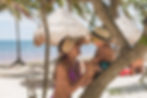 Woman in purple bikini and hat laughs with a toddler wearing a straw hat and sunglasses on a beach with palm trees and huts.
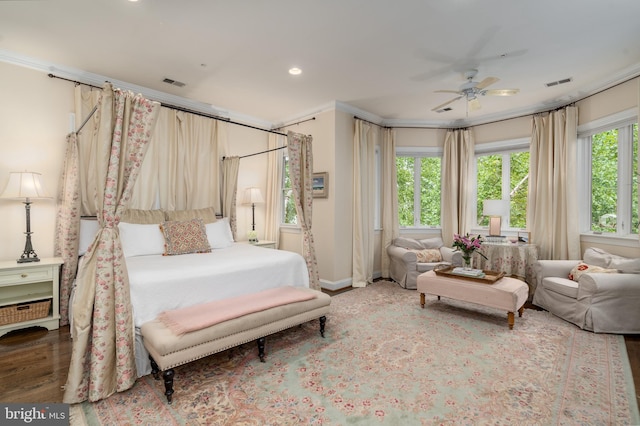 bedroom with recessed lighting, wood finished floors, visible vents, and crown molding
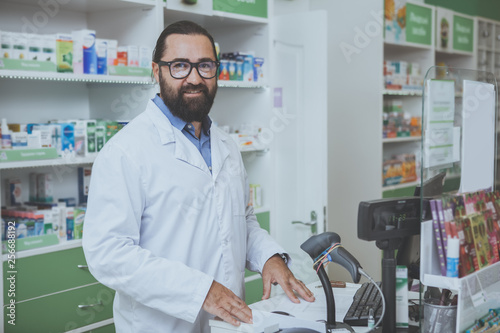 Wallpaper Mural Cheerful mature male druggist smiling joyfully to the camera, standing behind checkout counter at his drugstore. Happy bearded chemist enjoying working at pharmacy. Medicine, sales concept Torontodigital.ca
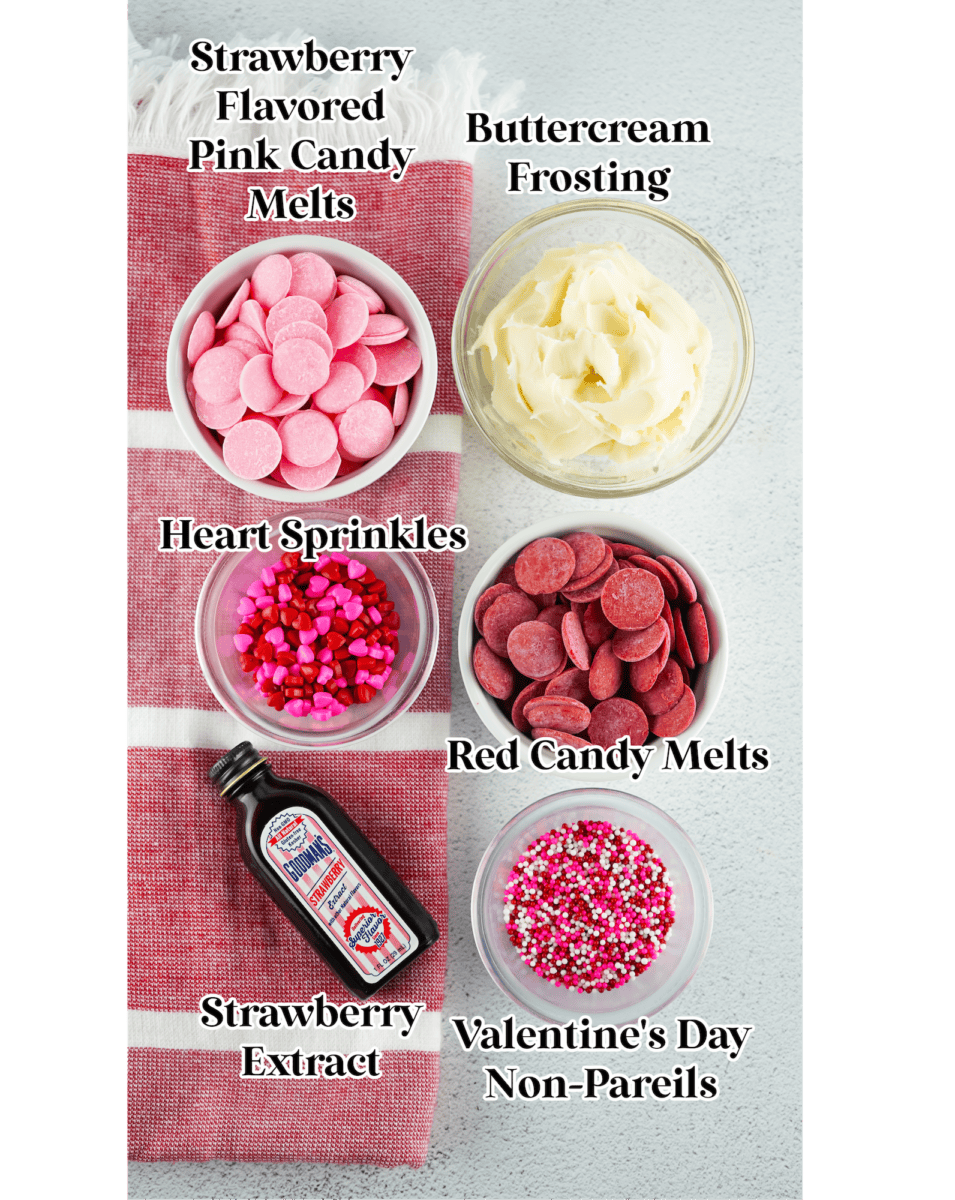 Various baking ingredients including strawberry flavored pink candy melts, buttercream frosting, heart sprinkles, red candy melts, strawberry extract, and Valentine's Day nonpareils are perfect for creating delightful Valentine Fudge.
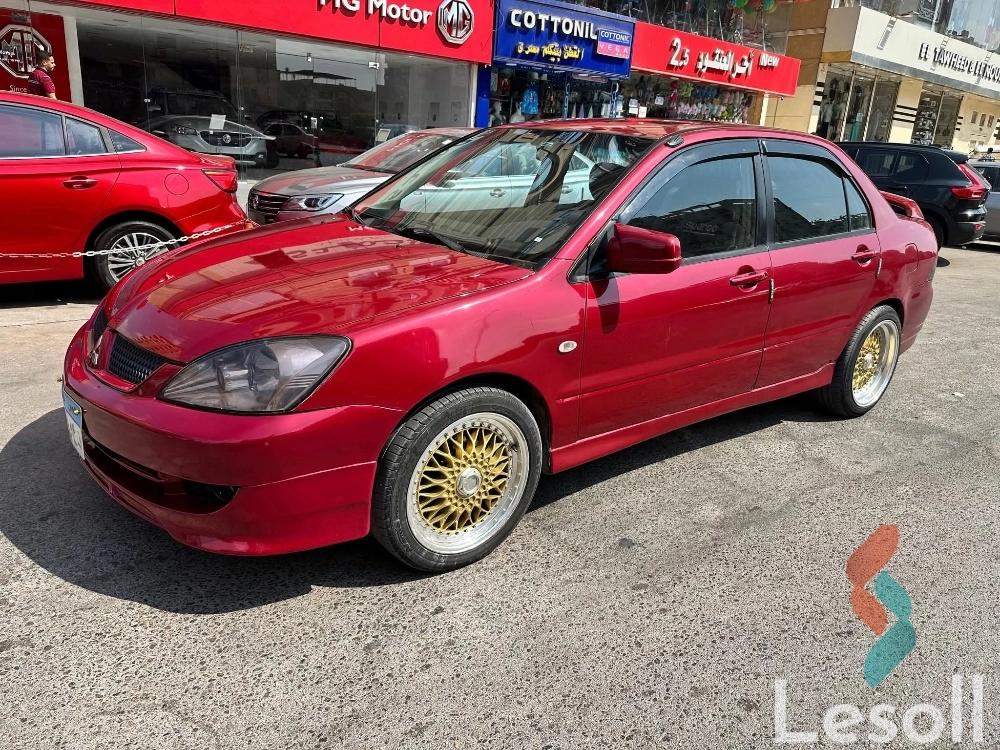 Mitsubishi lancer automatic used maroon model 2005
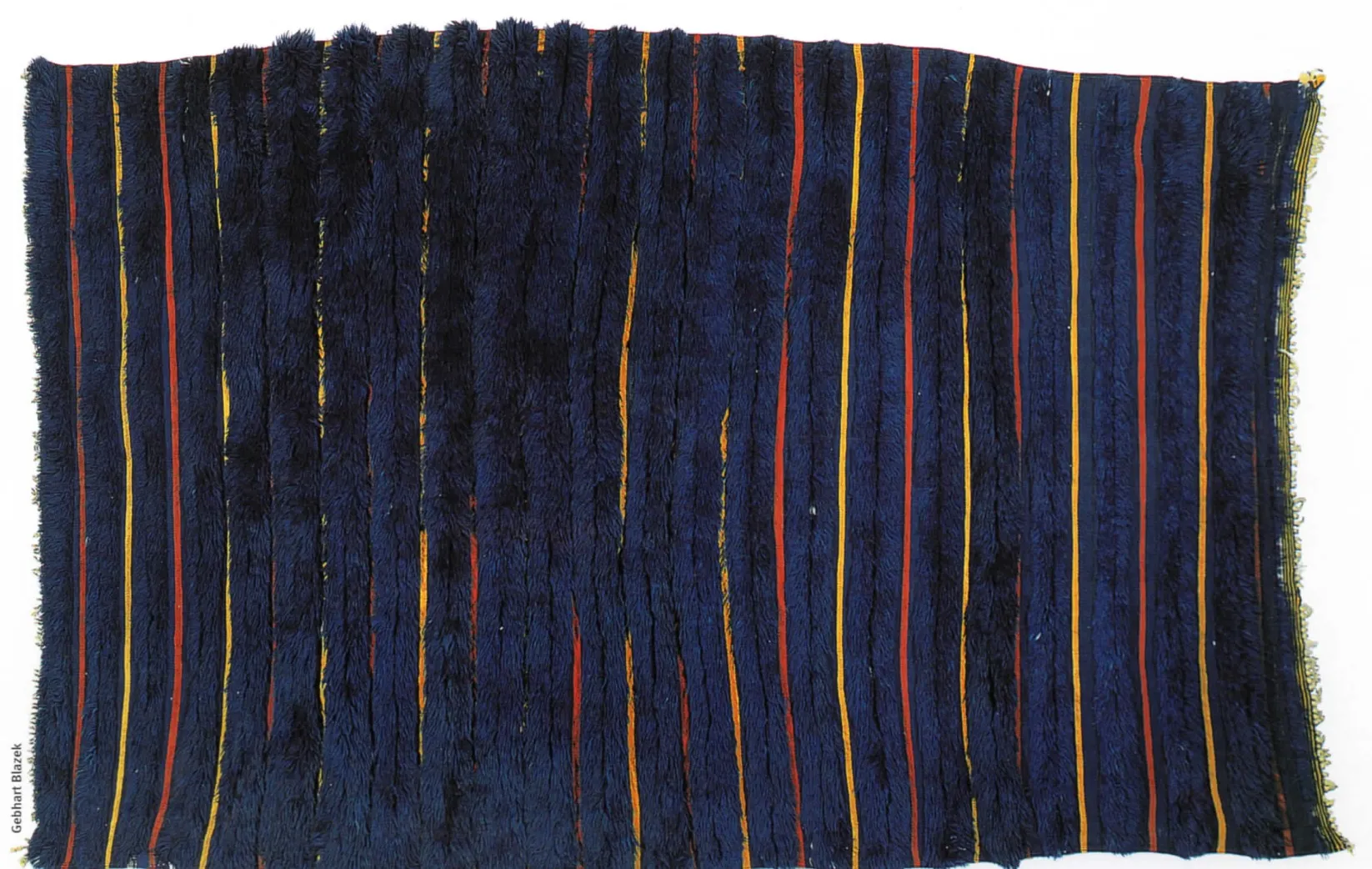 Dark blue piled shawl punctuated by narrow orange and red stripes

Exercise
Pictures in the records should not appear in your copy, but everything else must be transcribed exactly.

Solution
 Woman in purple bikini and hat laughs with a toddler wearing a straw hat and sunglasses on a beach with palm trees and huts.
 bedroom with recessed lighting, wood finished floors, visible vents, and crown molding
 Wallpaper Mural Cheerful mature male druggist smiling joyfully to the camera, standing behind checkout counter at his drugstore. Happy bearded chemist enjoying working at pharmacy. Medicine, sales concept Torontodigital.ca
 Various baking ingredients including strawberry flavored pink candy melts, buttercream frosting, heart sprinkles, red candy melts, strawberry extract, and Valentine's Day nonpareils are perfect for creating delightful Valentine Fudge.
 Mitsubishi lancer automatic used maroon model 2005
 Dark blue piled shawl punctuated by narrow orange and red stripes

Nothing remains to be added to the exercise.